St. Vincent is the moniker of singer/multi-instrumentalist/composer Annie Clark and this is her debut full-length. She's opened for such diverse acts as Television, Jose Gonzalez, and Sufjan Stevens, and she's an inventive and versatile guitarist who has also performed with avant-garde composer Glenn Branca. On this record, she writes cinematic pop epics that feel at times like Paris in the 20s before all the fun ended. Or, conversely, an orchestra of pure modernity – a new American music, informed by jazz, gospel blues, Southern folk music, and classical composition but, in the end, an animal original unto itself.

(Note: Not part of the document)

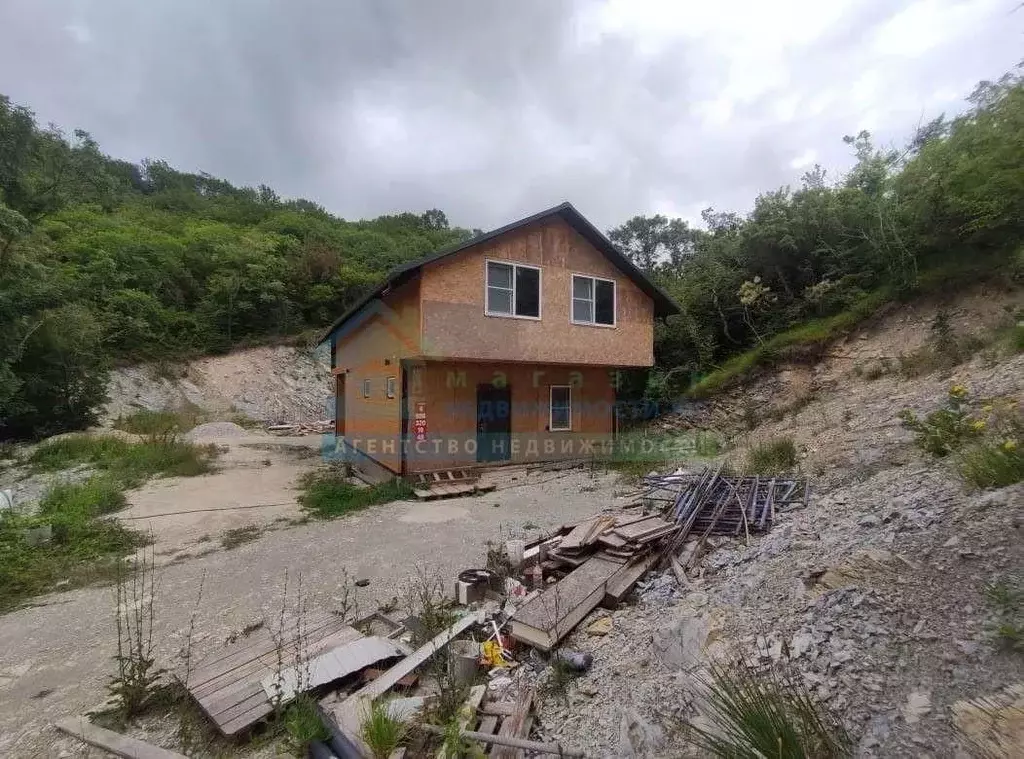 Дом в Краснодарский край, Новороссийск городской округ, с. Мысхако  ... - Фото 0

She's been compared to everyone from Bjork to Kate Bush to Jeff Buckley, and her beautiful voice melds perfectly with her intricate guitar work.
Review:
With experience playing with the Polyphonic Spree, Sufjan Stevens, and Glenn
Branca, Annie Clark is more than qualified enough to start writing her own
loosely ornate, lush pop songs. But while Clark, who chooses to use the name St.
Vincent here, does incorporate the frilly strings and horns, background choirs,
and various keyboards (most of which she plays) of her past employers in Marry
Me, her solo debut, she also has an edge to her – something that shows up in
the distorted electric guitar solos of “Jesus Saves, I Spend” or “Now,
Now,” the drums in the ominous “The Apocalypse Song” or “Your Lips Are
Red,” the growing intensity of the vocals “Landmines,” the funereal waltz
of the fantastic “Paris Is Burning” (“I write to give the war is
over/Send my cinders home to mother,” Clark sings sadly over electronic
drumbeats and acoustic guitars) – that pushes her away from the overly
sentimental and quaint. Not that Marry Me doesn't have its fair share of happy
love songs (“All My Stars Aligned,” “What Me Worry?”), but the album
isn't seeped in that kind of joyfulness that sings blind and insincere. It's an
mix of good and bad, of light and dark, of the woman who purposefully sets up
the obstacles she must get through to find her lover (“I'm crawling through
landmines/I know 'cause I planted them,” she sings disarmingly), of sweet
self-deprecation (“Marry me, John, I'll be so good to you/You won't realize
I'm gone”), honest and quirky and totally enticing. Clark is young enough that
she's still able to retain that sense of wonder about the world without seeming
naïve, and old enough that she can say things like “My hands are red from
sealing your red lips” and you believe her. It's an orchestral record for
those who prefer the simplistic, a darker one for those who prefer theirs twee,
love songs for the scorned and sad songs for the content, an engaging and
alluring combination that makes Marry Me nearly irresistible, and one of the
better indie pop albums that's come around for a long time.